[Beowulf] MD check/scrub

Tue Nov 13 11:52:58 PST 2007

Bill Broadley <bill at cse.ucdavis.edu> writes:

> Leif Nixon wrote:
>> Reconstruction. With raid 6, you can recover from single-disk
>> corruption (As opposed to *failures*, where you get read errors from a
>> disk. Raid 6 can handle two simultaneous disk *failures*.).
>> See section 4 in:
>> http://www.kernel.org/pub/linux/kernel/people/hpa/raid6.pdf
>>
>
> I just read it.
>
>> Just recalculating the parity blocks does give you a consistent raid
>> stripe, but destroys your data (unless it actually was one of the
>> parity blocks that was corrupted).
>
> Er, that's not how I read it at all.  To quote:
>
>  In the case of data drive corruption, once the faulty drive has been
> identified, recover using the P drive in the same way as a one-disk
> erasure failure.

I think you misunderstood me. This quote is about how it *should* be
done. My point is that as far as we can tell many raid controllers, as
well as the current md driver, don't do this.

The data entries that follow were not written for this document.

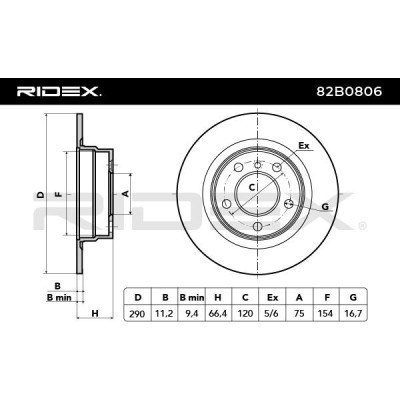 Tarcza hamulcowa RIDEX 82B0806 82B0806 - foto 4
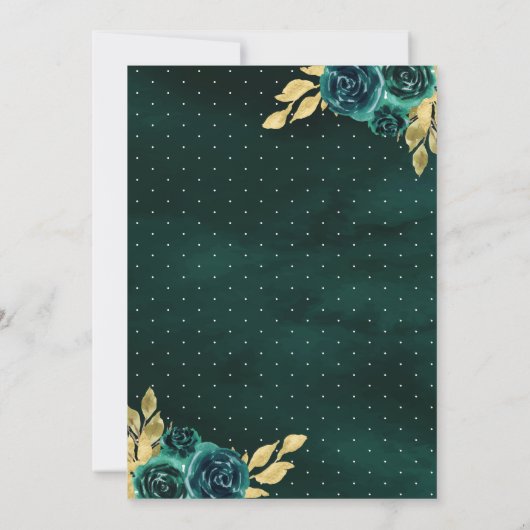 Smaragdgroene Charro Floral Jurk Goud Quinceanera Kaart (Achterkant)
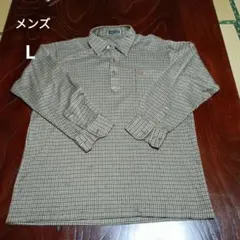 MERVASTER 長袖ポロシャツ ブラウン系 チェック柄 Lサイズ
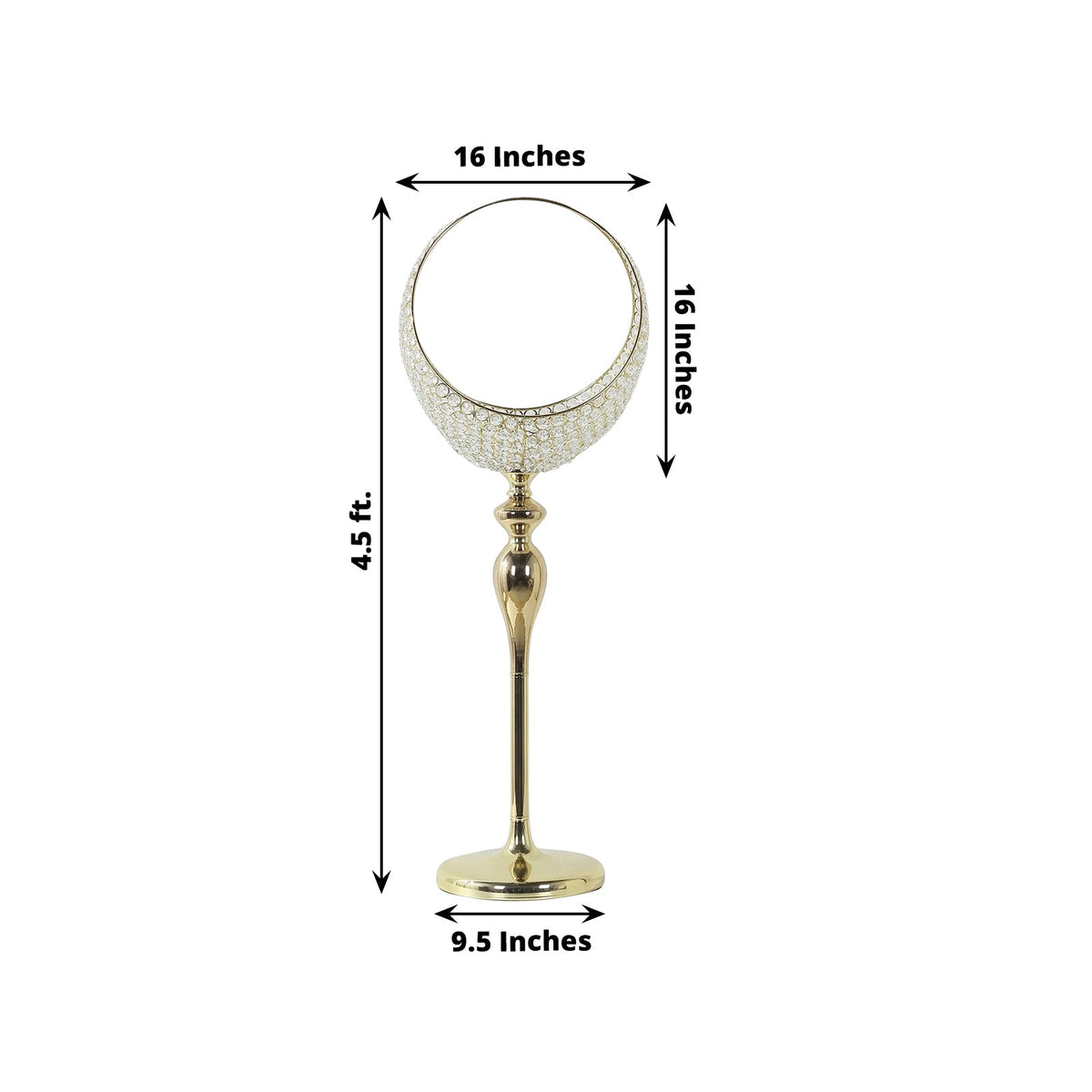 Metal Crystal Beaded Candle Holder Stand 4.5ft Tall - Half Moon Basket Design Gold Wedding Flower Centerpiece with Round Stable Base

If they find an inconsistent stripe they don't try to identify the
corrupt block. Instead, they dumbly *recompute P and Q*, which of
course makes the stripe consistent, but *leaves the corrupt data in
place*.

-- 
Leif Nixon                       -            Systems expert
------------------------------------------------------------
National Supercomputer Centre    -      Linkoping University
------------------------------------------------------------